Nick Lane, chief Analyst at Mobile Squared is equally convinced that brands will be investing in RCS instead of apps and traditional mobile advertising. “The trials are delivering results that are very powerful. Part of the continuation of the power of SMS and the level of engagement you get – and that is starting to be applied to RCS, to call it SMS 2.0 is short sighted; this goes beyond apps. We’re going to see companies invest in RCS and drop their spend on apps, and potentially, they should move their investment in mobile advertising into RCS, far more effective.”
Eric Brouard, Marketing Director at Netsize also suggested that the time is right for RCS; “SMS has been around for a very very long time and used in so many different use cases but has reached its limits – it only 160 characters, black and white plain text – so although you can enrich the experience with a link and redirecting the user to a landing page, its still not a rich experience, so basically RCS has to move forward as a product and has to be provided to the end user and to brands as well for them to communicate to the end users.”
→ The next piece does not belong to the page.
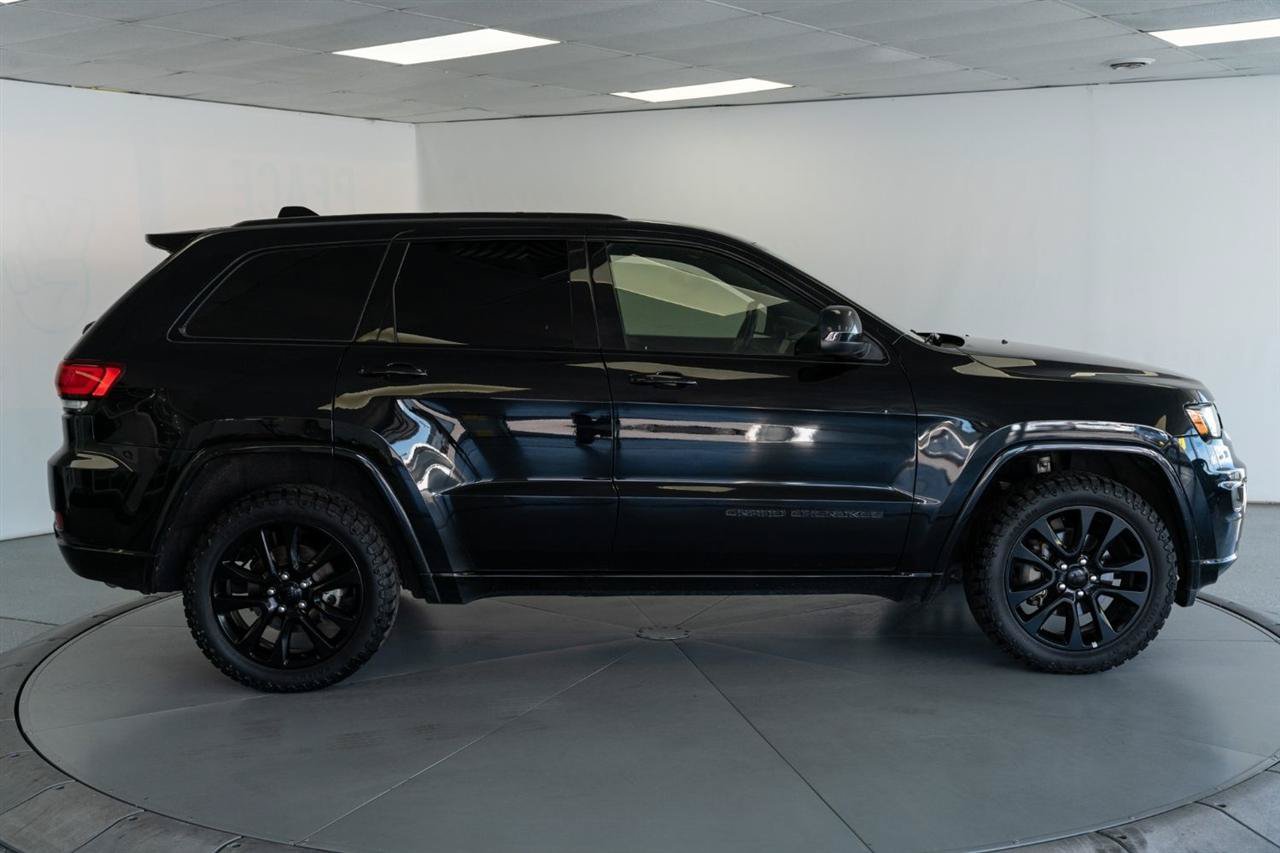 Used 2020 Jeep Grand Cherokee Altitude AWD/4WD image 4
Tim Ward XConnect‘s VP of Marketing and Sales agrees RCS could significantly change how brands communicate with customers , suggesting “once a couple of large brands have really adopted and driven the communication with their customers – everyone will want to do it, because it will be (it seems to me) a very obvious step which takes you away from being dependent on loaded apps and allows messages to become rich, which is what its meant to be.”
Tim Green, MEF Minute Features Editor commented on the importance of discussing the scope for RCS to be used by criminals for fraud against consumers: “SMS is plagued a little bit by a lack of ability to identify the sender which invites criminals to phish by pretending to be legitimate businesses. With RCS there’s going to be a lot tighter control on registering as a legitimate business, and Google obviously has lots of AI and data including maps and so on, that can test against whether a business is legitimate or not.”
Juan Ramirez Digital Solutions Architect at Telenor also feels the issue of trust is key to the success of RCS. “We need to come up with a solution on our platform that is trust worthy end to end so end-users, companies and brands know that it is a safe channel and they know they wont be affected or be the victim of fraud. We need to work together with the community of aggregators and enterprises to ensure that what we are defining together will enable just that.”